Cancer is a major public health concern around the world. According to the International Agency for Research on Cancer’s GLOBOCAN project, there were approximately 14.1 million newly diagnosed cancer cases and 8.2 million deaths worldwide in 2012.Oral cancer is one of the most common cancers worldwide, accounting for 2% of all cancer cases and having a nearly 50% mortality rate [5]. Oral and pharyngeal tumours are the sixth most common cancer worldwide [6]. Internationally, South Asian countries such as Sri Lanka, India, and Taiwan have the highest rates of oral cancer, which can be attributed to high rates of cigarette smoking and areca nut use in these countries [7].

Despite technological advancements and improvements in OSCC diagnosis and treatment modalities, the 5-year survival rate remains low, hovering around 50–60%, ranging from 80% for stage I cancers to 40% for stage IV cancers. This disparity can be explained by the delay in diagnosis as well as the relatively high tumour recurrence rates found in these patients. In general, only one-third of OSCC patients have the disease in its early stages at the time of diagnosis (I and II) [8].

Treatment strategies for OSCC differ depending on the stage of the disease at the time of diagnosis. Patients with localised disease are typically treated with surgery and/or radiotherapy, which results in a high chance of long-term survival but significant morbidity. Chemotherapy and radiotherapy and recently immunotherapy are the mainstays of treatment for metastatic OSCC [9]. Despite advances in understanding the pathobiological mechanisms of OSCC, the prognosis has not improved over the last few decades. This is largely due to the high morbidity and mortality rates associated with local and regional OSCC recurrences. The clinical challenge remains in detecting regional metastasis accurately and efficiently treating second primary OSCC and recurrent tumours [10].
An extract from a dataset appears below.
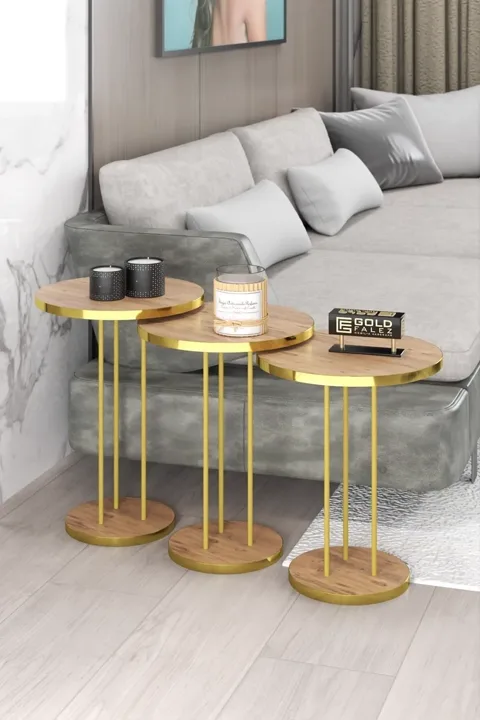 Terra Gold Round Coffee & Nesting Table Set - Atlantic Pine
The practise of medicine is still primarily empirical today, with doctors relying on pattern matching to make diagnoses based on a patient’s medical history, physical examination, and test data. As a result, a prescribed treatment is frequently dependent on a physician’s previous experience with patients with comparable symptoms. As a result, the best drug may be given for a “typical patient” with a certain condition. The treatment decisions are made through trial and error, and patients may experience unforeseen adverse effects or poor or no efficacy for a medicine that theoretically works in some people with that disease [11].
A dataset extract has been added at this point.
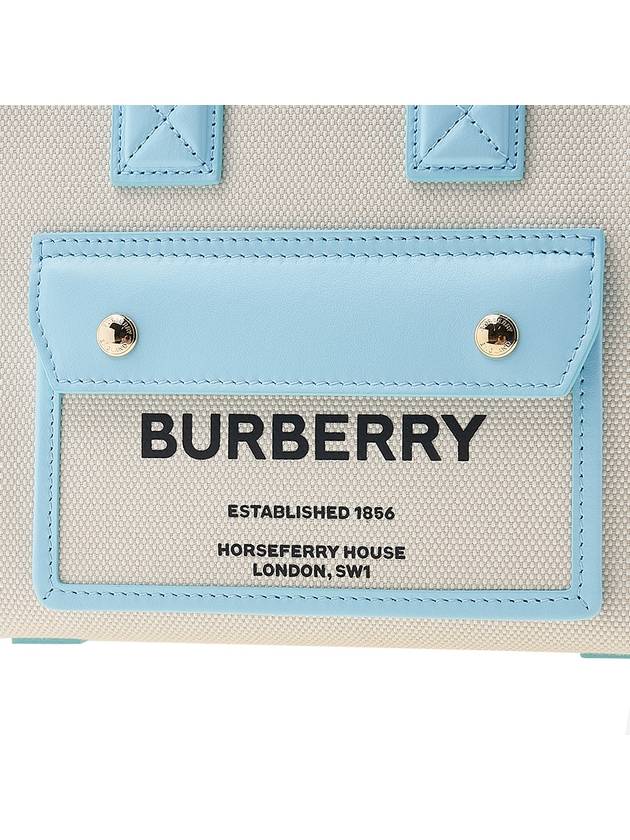Burberry Logo Freya Mini Tote Bag Sky Blue Beige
Traditional therapeutic procedures have a poor prognosis and are associated with negative side effects. Immunotherapy adoption has moved the field of cancer treatment toward the concept of precision and personalised medicine (PPM), which tailors’ treatments to each individual. For cancer treatment, there are two options: the traditional approach and the PPM model. The fundamental distinctions between the classic cancer treatment approach and the developing precision and personalised medicine (PPM) concept are compared. Traditionally, cancer has been treated with “one-size-fits-all” treatments including chemotherapy, radiation, and surgical tumour removal. These treatments have a wide range of efficacy in different people, and they frequently destroy healthy, noncancerous organs and tissues. Individualised therapy customised to specific tissues, gene alterations, and personal characteristics relevant to each unique case of cancer characterise the PPM approach [12].

This article discusses the role of precision medicine in OC prevention, detection, and management by reviewing our understanding of OC from both genetic and OMICS perspectives.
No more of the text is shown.